I've never seen a chip with that many wires... I've only ever used Old Crow, MM3, and some older ones on circuit boards... And they did a terrible job soldering them on. Fudged up the PCB. Must have used a 50W iron or left the iron on too long.
I must have a clone in this world--she's clearly as bad as me at soldering =^_^= I'm curious what lines it's attaching to. Is our favorite SCEx line there? I don't remember the PS1 board layouts enough anymore.
Seems to be the ancient pre Old Crow modchip. Old Crow mentions it in his chronicles. It's not stealth so it would be advisable to replace it with something else, like Mayumi.
prob a china clone chip. I seen loads of them. there was a time when I was in PK and got my original xbox modded cost me £15 including the work and loading of unleashx. I was like yeah matey gimme some of that. upon doing it he pulled out this eprom chip and soldered in on to various spots. I was like Waaaaat???? but hey it worked like a normal Xecuter 2 chip ended up selling the console for £100
Thanks for the link, that was a fascinating read - I'd never heard of this Crow guy, sounds like he was quite the pioneer back then. Cheers!
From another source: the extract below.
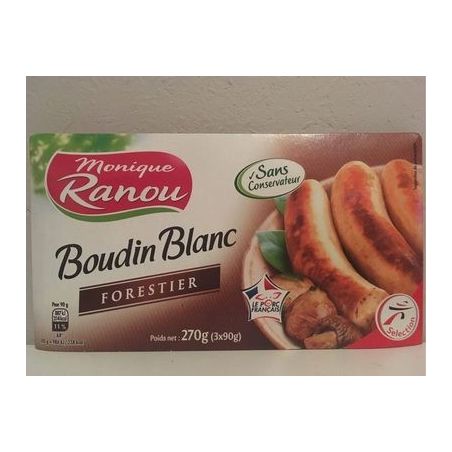 Ranou Bdn Blc Porc Cepex3 270G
Yeah, that's the original modchip - although that was obviously after they stopped trying to hide what the chip was - the early ones had the last 4 pins hacked off the package and the numbers sanded off the chip to try and slow down reverse engineering attempts. It's also a pretty crappy installation - even this one from back in the day is a lot cleaner. http://bayimg.com/GAGNKaAFB It's been a very long time since I looked at that chip, but looking at the board I have here, the signals seem to be Power / Ground / Mechacon Clk out / Reset / Door SW / Comparator input (aka Gate) / Comparator output (Aka Data / SCEx) / CD Limit SW / FOK from RF Amp / TZC from RF Amp IIRC, the way the chip worked was to wait for the limit switch to operate (CD optical pickup at the start of the disc), then wait for the FOK signal to assert (focus servo locked up), then wait for the TZC signal (tracking servo locked up) - then it pulled down the comparator input (to block the wobble signal from the disc) and injected the fake SCEx data on the comparator output. If the door signal was detected, it restarted the sequence. On the later chips, they got rid of the door / FOK / Limit / TZC pins and just stuck a delay in there.